Harm Reduct J. 2020 Oct 20;17(1):80. doi: 10.1186/s12954-020-00431-x.

Abstract

Background: People with criminal justice involvement contribute remarkably to the rising hepatitis C virus (HCV) burden; however, the continuum of care is a major barrier to prison-based programs. We aimed to evaluate a comprehensive HCV care model in an Iranian provincial prison.

Methods: Between 2017-2018, in the Karaj Central Prison, newly admitted male inmates received HCV antibody testing and venipuncture for RNA testing (antibody-positive only). Participants with positive RNA underwent direct-acting antiviral (DAA) therapy (Sofosbuvir/Daclatasvir). Sustained virological response was evaluated at 12 weeks post-treatment (SVR12).

Results: Overall, from 3485 participants, 182 (5.2%) and 117 (3.4%) tested positive for HCV antibody and RNA, respectively. Among 116 patients who were eligible for treatment, 24% (n = 28) were released before treatment and 72% (n = 83) initiated DAA therapy, of whom 81% (n = 67/83) completed treatment in prison, and the rest were released. Of total released patients, 68% (n = 30/44) were linked to care in community, and 70% (n = 21/30) completed treatment, including 60% (n = 12/20) and 90% (n = 9/10) among those who were released before and during treatment, respectively. The overall HCV treatment uptake and completion were 89% (n = 103/116) and 85% (n = 88/103), respectively. From people who completed treatment, 43% (n = 38/88) attended for response assessment and all were cured (SVR12 = 100%).

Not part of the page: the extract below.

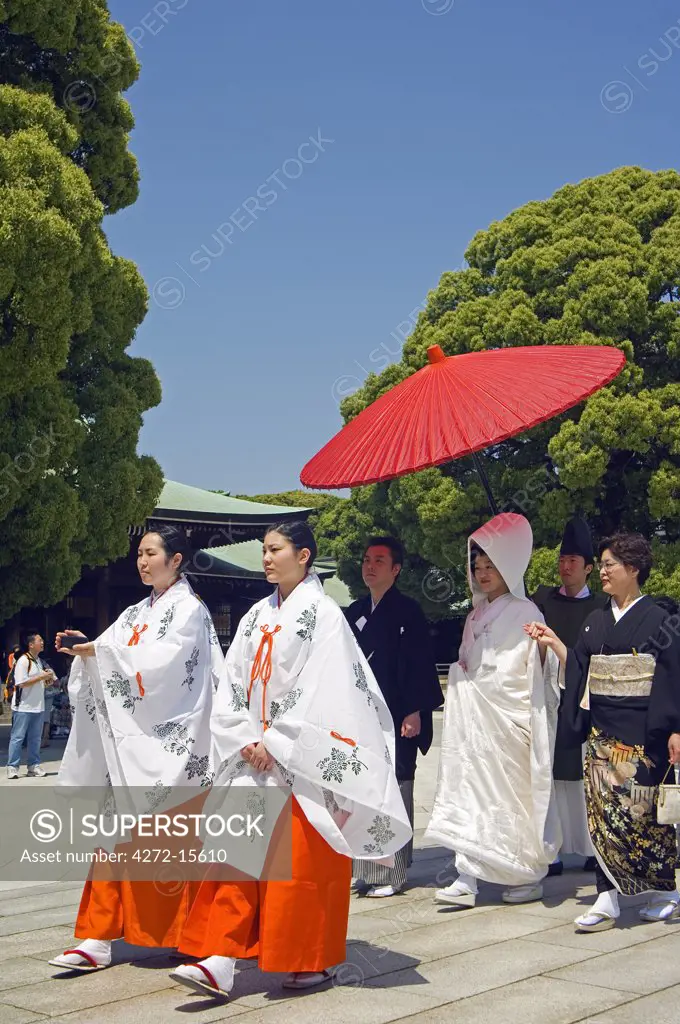 Meiji jingu Shrine 20th Century priest bride groom and family at traditional Japanese wedding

Conclusions: Integrated HCV care models are highly effective and can be significantly strengthened by post-release interventions. The close collaboration of community and prison healthcare systems is crucial to promote high levels of treatment adherence. Future studies should investigate the predictors of engagement with HCV care following release.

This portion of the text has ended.